Only you, having taken on the role as Tim, can understand what Pikachu is saying, lending enough room to cram endless mirth into the script to the point that I’m no longer surprised that a live-action movie is in the works. On that point, it won’t come as a surprise that, as an adventure game, Detective Pikachu is a dialogue-heavy, story-driven experience. As you progress from chapter to chapter what the game asks of you never really changes, in that you will interview witnesses to pick up clues from their testimony, overcome the odd quick time event here and there, and start to piece everything together in your case notes.
The clues that have been left behind will lead you to become trapped in Litwick Cave, to uncover a dark secret at the Pokémon Comprehensive Laboratory, to lift the fog that has suddenly covered Cappucci Island, and to explore a rundown amusement park that plays home to Pokémon that the world has forgotten about, and there is more than enough variation in the locations that you will find yourself wandering around. That, thanks to Pikachu’s help, you can understand both humans and Pokémon alike, means that interacting with the many pocket monsters soon becomes an entertaining highlight – with each being portrayed with their own quirky personalities and behaviour.

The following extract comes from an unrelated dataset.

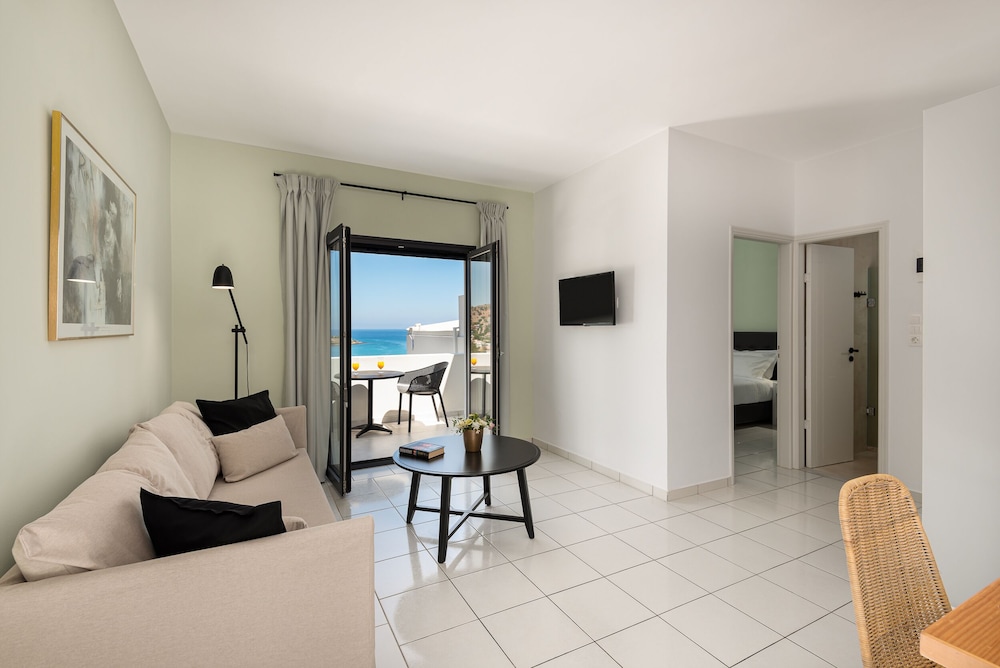 Minois Boutique Hotel - Adults Only view 2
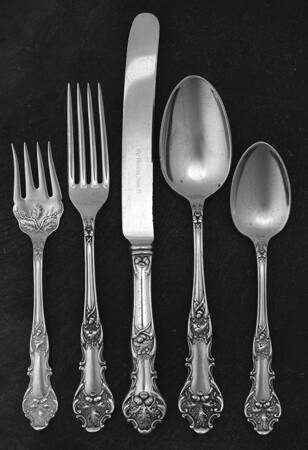 Charter Oak (Silverplate, 1906) 5 Piece Place Setting by International Silver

There isn’t any tremendous challenge to be found in the game’s puzzles, which the relative simplicity is perhaps to be expected given the wider demographic that the brand readily attracts, even if it still comes as a disappointment. These moments are interspersed in each case, and, as you start to unravel the larger mystery that you have been confronted with, will lead to Pikachu being struck with “A bolt of brilliance!” before you gather everyone together to out the culprit’s identity.
But, the problem that Detective Pikachu soon trips over is the same criticism that many have directed at the long-running Ace Attorney series, in that the linearity in design means that you must tick everything off an invisible checklist before the game will let you continue. There could be one clue that you have overlooked somewhere, whether that be an item or a missed conversation option, that holds you up despite knowing the solution and wanting to move on.
The Pika Prompts were a way to get around this, which allow the player to turn to Pikachu for pointers on what to do next. But, this system is partly crippled because it’s also how the developer continues to breathe more life into the character with quirky cutscenes. When you really need help to continue, more often than not you will see Pikachu teasing Fennekin, competing to shout louder than Loudred, or being aghast at what is under Mimikyu’s cloth. These lighthearted moments are part of the game’s charm, for sure, but it’s hard to be entertained in places where you are scorning the lack of direction.
Even with that irritation though, it’s hard not to be astounded at Detective Pikachu’s spectacular production values. It easily ranks as one of the best looking games on the Nintendo 3DS whether that be in its art direction or animation, and the voice cast, which stars Kaiji Tang (Pikachu), Khoi Dao (Tim), and Kira Buckland (Emilia) among others, have recorded faultless performances that really help to bring the whole adventure to life.
His lightning-quick powers of deduction and obsession with gulping down coffee blends from High Hat Café aside, the greatest praise that I can throw at Detective Pikachu is how it always felt like you were really working alongside the electric mouse. And, as we cracked our last case, I can only hope that this is only the start of our adventures together.